Wednesday, August 2, 2017

Two new short articles on the Alien Tort Statute (and the case pending before the US Supreme Court)

As I mentioned a few days ago, the Supreme Court will be addressing the issue it was supposed to decide but didn't in  Kiobel v. Royal Dutch Petroleum : whether corporations can be held liable under the ATS in a case called Jesner v. Arab Bank.  [For background history and the discussion surrounding Kiobel, go here, and scroll down.  There are two or three pages of posts, dating back to 2010.]

In anticipation of the decision in Jesner, which will be argued before the Court on October 11, the SCotUS blog has published two short articles on the issue presented by the case.  Both are written by people who also authored amicus briefs in the case.

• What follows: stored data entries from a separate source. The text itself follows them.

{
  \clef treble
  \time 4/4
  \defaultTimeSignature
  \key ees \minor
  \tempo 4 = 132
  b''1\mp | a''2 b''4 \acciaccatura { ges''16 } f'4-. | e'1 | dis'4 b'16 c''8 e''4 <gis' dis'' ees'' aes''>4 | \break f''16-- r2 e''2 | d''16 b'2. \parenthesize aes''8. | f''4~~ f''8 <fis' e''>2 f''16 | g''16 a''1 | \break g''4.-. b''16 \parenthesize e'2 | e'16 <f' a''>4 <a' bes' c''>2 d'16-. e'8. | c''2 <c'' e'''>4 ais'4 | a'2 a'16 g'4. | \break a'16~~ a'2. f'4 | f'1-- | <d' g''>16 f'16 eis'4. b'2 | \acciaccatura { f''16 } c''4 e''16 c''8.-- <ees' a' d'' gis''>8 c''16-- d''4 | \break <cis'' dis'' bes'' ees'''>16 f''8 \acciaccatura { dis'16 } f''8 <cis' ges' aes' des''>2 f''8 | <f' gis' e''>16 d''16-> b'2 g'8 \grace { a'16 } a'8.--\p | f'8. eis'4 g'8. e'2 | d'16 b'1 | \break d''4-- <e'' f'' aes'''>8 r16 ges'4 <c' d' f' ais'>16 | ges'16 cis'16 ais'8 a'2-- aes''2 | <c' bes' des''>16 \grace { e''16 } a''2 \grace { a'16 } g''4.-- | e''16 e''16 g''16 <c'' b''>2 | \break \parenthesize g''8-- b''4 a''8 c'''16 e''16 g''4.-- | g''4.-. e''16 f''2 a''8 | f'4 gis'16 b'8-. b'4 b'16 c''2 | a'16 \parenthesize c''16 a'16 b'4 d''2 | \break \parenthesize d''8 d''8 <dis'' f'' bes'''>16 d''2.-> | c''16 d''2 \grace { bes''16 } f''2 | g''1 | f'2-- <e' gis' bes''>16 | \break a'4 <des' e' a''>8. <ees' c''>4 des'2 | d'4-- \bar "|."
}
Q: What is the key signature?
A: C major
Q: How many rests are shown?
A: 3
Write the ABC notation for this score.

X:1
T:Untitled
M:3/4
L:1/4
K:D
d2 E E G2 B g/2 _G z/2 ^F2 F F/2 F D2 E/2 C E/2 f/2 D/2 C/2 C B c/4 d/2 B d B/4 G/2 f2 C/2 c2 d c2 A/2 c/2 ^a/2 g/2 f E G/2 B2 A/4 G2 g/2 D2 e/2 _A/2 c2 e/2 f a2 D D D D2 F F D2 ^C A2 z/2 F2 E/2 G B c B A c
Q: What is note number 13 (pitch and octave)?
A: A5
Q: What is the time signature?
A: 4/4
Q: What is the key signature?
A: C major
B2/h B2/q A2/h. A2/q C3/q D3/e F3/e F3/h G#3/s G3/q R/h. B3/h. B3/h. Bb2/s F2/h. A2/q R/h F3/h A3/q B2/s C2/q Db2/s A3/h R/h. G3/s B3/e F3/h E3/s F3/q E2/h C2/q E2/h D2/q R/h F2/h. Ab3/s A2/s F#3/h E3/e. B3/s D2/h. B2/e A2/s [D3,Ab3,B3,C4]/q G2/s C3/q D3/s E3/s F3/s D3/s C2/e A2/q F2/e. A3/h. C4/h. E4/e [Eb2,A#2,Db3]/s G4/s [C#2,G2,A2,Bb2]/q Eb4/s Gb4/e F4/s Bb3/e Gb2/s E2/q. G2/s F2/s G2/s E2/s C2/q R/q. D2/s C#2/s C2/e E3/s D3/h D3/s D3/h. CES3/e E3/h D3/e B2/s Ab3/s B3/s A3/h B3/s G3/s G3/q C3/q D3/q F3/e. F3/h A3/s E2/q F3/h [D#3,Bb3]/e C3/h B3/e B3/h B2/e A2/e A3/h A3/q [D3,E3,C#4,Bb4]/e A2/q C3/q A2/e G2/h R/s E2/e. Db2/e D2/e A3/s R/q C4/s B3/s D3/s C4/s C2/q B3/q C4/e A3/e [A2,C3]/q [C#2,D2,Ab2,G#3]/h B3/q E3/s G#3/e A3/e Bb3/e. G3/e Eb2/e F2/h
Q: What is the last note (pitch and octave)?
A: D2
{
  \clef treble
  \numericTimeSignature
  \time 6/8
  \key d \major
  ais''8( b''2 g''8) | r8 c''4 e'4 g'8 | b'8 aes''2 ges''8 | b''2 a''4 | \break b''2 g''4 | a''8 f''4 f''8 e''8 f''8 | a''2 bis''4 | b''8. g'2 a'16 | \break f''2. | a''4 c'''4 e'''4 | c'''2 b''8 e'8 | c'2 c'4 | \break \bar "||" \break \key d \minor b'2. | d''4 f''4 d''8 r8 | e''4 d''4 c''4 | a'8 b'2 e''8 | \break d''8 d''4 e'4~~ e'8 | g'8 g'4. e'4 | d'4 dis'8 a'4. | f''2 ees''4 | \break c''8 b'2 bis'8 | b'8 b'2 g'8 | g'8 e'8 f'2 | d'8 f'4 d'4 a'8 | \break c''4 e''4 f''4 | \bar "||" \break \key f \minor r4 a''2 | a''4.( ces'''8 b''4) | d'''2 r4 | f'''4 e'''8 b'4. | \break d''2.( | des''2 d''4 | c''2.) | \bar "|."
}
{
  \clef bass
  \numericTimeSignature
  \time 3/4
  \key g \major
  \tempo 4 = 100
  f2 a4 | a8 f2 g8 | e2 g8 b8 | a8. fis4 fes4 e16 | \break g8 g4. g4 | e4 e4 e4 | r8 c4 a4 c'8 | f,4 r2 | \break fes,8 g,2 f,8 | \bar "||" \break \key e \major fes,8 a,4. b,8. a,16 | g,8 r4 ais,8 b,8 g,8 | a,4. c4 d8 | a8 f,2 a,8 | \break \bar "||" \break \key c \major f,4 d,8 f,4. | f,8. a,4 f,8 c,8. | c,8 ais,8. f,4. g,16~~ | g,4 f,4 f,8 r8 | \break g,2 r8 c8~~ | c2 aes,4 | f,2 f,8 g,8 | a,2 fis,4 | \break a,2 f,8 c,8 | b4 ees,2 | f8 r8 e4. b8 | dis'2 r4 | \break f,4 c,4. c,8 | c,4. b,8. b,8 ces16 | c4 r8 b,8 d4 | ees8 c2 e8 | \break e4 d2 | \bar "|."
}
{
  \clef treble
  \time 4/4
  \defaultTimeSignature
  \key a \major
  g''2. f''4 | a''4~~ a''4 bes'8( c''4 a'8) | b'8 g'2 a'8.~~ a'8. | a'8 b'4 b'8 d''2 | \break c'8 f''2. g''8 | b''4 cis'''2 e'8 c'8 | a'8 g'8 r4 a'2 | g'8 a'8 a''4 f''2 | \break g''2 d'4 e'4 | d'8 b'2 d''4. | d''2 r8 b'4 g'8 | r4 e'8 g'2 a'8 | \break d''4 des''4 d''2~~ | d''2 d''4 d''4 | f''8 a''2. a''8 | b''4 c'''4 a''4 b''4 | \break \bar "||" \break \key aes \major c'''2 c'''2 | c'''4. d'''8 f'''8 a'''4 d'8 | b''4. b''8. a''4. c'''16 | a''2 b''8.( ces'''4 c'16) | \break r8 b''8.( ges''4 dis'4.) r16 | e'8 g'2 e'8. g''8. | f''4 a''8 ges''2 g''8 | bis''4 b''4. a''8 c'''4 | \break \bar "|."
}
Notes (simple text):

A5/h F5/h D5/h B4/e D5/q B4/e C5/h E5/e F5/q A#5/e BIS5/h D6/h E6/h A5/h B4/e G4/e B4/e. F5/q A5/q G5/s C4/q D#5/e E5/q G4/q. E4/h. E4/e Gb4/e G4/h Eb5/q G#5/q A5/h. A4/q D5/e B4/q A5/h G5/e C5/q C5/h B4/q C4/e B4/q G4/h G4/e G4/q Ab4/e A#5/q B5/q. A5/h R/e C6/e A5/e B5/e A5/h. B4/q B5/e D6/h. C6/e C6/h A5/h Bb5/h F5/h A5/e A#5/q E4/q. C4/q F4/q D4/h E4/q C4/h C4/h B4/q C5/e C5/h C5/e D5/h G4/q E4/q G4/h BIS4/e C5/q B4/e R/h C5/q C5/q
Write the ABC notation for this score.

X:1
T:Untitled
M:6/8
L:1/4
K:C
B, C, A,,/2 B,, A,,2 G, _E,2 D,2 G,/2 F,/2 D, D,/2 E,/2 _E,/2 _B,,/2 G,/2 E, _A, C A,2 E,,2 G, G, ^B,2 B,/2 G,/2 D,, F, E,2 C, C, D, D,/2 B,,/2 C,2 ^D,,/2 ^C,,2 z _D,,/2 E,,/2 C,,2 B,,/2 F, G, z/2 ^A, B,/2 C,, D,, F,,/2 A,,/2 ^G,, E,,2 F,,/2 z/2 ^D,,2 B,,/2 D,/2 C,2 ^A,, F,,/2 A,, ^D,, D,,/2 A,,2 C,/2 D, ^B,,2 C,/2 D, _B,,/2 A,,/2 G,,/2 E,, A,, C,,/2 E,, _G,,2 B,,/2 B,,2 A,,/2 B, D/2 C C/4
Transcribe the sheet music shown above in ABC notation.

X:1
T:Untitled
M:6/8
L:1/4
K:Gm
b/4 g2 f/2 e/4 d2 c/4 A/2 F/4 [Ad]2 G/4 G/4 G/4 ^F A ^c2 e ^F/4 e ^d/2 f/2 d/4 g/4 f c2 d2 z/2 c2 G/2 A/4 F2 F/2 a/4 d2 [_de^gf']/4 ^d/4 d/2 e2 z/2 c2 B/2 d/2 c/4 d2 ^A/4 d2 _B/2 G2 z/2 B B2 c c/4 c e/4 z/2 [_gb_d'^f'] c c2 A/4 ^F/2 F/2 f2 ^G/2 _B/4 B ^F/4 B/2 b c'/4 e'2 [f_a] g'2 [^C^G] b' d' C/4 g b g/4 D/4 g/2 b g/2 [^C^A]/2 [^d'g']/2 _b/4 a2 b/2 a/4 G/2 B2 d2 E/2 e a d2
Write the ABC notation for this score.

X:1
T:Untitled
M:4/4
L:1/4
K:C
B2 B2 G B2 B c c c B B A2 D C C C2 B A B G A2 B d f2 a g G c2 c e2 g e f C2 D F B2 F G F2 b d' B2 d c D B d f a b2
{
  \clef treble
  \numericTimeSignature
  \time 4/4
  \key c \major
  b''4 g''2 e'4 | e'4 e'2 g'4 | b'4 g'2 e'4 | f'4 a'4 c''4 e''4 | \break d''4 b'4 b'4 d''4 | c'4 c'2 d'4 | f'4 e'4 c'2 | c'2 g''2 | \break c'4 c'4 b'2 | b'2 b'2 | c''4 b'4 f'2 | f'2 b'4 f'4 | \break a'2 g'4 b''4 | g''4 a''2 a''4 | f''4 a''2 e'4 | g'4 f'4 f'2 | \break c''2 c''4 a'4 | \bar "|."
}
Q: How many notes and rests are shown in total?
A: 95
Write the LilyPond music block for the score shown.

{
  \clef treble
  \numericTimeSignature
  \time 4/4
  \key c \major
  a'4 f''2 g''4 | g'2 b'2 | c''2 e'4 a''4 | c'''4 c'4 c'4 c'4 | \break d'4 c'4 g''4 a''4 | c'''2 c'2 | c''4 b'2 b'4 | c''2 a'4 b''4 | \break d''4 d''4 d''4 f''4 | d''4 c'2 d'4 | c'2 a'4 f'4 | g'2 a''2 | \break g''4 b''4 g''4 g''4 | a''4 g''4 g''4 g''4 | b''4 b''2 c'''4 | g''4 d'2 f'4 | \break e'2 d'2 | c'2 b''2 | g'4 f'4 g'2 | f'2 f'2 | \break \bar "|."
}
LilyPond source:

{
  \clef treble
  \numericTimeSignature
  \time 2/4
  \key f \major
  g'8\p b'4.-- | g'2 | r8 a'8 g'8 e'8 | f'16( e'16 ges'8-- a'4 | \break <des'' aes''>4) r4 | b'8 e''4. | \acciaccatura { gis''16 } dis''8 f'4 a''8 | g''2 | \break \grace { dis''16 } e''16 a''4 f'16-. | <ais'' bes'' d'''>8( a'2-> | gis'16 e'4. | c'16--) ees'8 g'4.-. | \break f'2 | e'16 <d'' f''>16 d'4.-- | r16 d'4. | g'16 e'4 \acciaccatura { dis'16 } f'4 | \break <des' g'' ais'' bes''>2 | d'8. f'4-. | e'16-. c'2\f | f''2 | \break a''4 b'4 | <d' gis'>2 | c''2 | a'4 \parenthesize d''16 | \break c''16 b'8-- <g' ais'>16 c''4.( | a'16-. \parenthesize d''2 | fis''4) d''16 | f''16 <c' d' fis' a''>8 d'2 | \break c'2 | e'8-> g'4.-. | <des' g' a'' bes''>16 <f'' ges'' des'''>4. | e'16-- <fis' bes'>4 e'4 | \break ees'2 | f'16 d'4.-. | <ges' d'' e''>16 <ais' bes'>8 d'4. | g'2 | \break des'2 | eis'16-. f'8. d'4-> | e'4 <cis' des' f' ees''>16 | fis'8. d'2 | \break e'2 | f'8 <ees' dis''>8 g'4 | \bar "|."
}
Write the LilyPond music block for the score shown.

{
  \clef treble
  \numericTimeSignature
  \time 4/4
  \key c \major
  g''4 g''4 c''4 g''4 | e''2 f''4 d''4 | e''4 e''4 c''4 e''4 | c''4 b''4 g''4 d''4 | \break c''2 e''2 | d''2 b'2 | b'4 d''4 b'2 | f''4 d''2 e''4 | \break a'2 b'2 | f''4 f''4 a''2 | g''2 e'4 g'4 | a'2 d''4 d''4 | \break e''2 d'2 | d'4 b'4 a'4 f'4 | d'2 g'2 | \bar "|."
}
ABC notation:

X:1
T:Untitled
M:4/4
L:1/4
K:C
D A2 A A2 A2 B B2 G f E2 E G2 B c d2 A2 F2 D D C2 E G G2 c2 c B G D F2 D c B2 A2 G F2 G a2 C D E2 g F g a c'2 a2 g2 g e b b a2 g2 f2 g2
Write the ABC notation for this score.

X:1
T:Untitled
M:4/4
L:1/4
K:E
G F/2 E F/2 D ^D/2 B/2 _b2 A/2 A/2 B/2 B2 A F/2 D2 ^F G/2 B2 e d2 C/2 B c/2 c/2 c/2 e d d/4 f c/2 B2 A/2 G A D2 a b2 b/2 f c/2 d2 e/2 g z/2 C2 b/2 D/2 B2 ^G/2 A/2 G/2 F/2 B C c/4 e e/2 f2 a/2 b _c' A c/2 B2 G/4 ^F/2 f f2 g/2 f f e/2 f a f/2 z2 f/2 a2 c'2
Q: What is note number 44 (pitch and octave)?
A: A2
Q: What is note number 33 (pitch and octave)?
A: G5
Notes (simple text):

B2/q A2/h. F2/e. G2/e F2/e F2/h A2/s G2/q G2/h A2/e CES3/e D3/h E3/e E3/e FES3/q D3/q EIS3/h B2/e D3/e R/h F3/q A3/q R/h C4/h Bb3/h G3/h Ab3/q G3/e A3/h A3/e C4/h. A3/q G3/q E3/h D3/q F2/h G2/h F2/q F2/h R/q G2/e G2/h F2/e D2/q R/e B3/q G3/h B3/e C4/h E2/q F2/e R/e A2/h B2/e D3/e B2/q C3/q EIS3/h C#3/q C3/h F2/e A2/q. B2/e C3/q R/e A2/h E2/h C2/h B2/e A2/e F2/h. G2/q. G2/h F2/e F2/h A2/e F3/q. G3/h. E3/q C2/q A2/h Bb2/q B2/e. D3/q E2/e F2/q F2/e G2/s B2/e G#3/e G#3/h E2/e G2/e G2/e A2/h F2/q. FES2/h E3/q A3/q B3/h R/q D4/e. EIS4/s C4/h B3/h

The first one, available here, is written by the lawyer who represents the Chamber of Commerce.  Not surprisingly argues that the Court should rule for the defendants and hold the ATS bars claims against corporations.  It concludes that
ATS suits against corporations, in short, not only flout clearly enacted congressional policy, but also carry heightened risks of the very foreign-policy and other practical consequences that the Supreme Court has warned federal courts to avoid in fashioning federal common law and that the ATS itself was enacted to prevent. The Supreme Court should hold in Jesner that the federal-common-law cause of action authorized by the ATS does not extend to suits against corporations to enforce modern human-rights norms.
The second article, available here, is written by the lawyer for financial regulation scholars and former government officials who filed a brief in support of the plaintiffs, argues that the Court should hold that the statute does not ban claims against banks.  It concludes that
...Allowing liability for banks would be consistent with the broader policy goal of ensuring a safe and terrorist-financing-free financial system. Considering the importance of anti-terrorist financing and anti-money laundering to the stability and integrity of the U.S. financial system, banks should be held liable under the ATS for knowing and willful activity allowing terrorist groups access to U.S. dollar clearing. Indeed, creating a loophole for dollar clearing of terrorist financing would be exactly contrary to U.S. anti-terrorism policy. Establishing a hostile environment for terrorist financing is a longstanding and fundamental policy goal of the United States, and using private suits to find banks liable for knowing and willful illicit clearing will directly promote that goal.
Both articles have links to the amicus briefs, and all the documents in the case, as well as links to the articles and updates are available here.